Both a perk and a drawback of electric cars is the refueling system; you either have to spend anywhere from $500 to $2,500 getting an EV charger installed in your home, or hope there are enough public charging stations to go around. A new option has emerged from Envision Solar called the EV ARC, a portable, solar-powered EV charging station.
Tipping the scales at some 10,000 pounds, there isn’t an electric car for sale that could tow the “portable” EV ARC charging system anywhere. You’re looking at using either a big diesel or gas-powered V8 to get this charging station around. Most of that weight comes from a 22 kWh battery pack, inverter, and huge solar array that can capture up to 16 kWh of energy per day.

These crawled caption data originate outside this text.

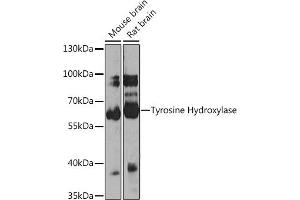 Western blot analysis of extracts of various cell lines, using Tyrosine Hydroxylase antibody (ABIN1683183, ABIN3015012, ABIN3015013 and ABIN6213590) at 1:1000 dilution. (Tyrosine Hydroxylase antibody)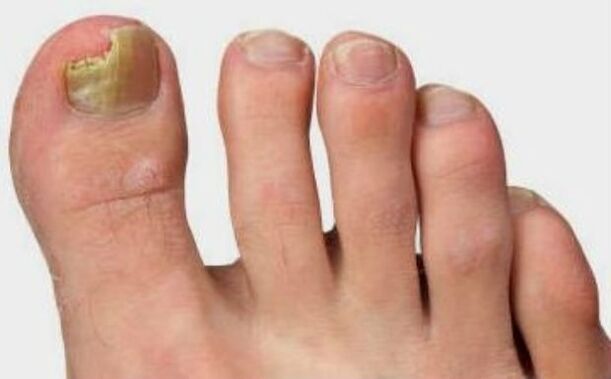 Mushrooms on the thumb of the foot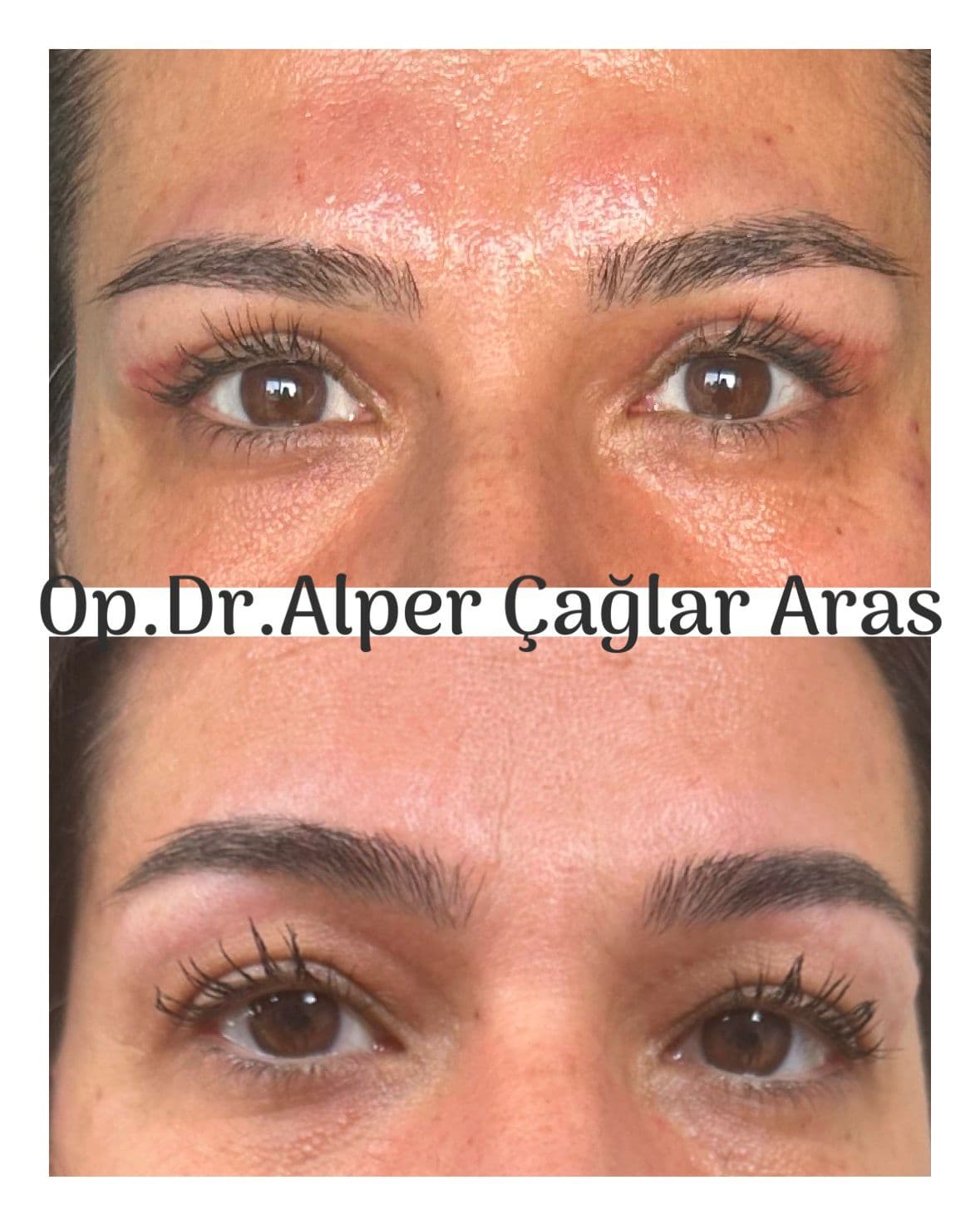 Case 02 · upper blepharoplasty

The solar array can rotate on its own, allowing it to capture 25% more energy, says Envision, and currently the EV ARC uses Eaton chargers. There is enough battery capacity to recharge most low-end EVs (like say, the Nissan Leaf) per day, though the 22 kWh capacity would only deliver about a quarter-charge to a Tesla Model S with the 85 kWh battery pack.
Given the EV ARC’s $40,000 price tag, Tesla owners are about the only people that can afford it. Envision execs say they could halve the price tag with a large order for say, a municipal government or corporate order, and the solar charger will eventually pay for itself. But if you ask me, the real potential lies in military applications. The U.S. armed forces are exploring the use of solar energy at both Forward Operating Bases and at major military installations to offset the use of fuel-intensive generators.
Think about it; a small Army outpost that could deploy its own vehicular refueling station anywhere there is access to sunlight. That could save resources, and lives.
But as a commercial-viable product for the average EV consumer? At $40,000, or even $20,000 it’s a long shot.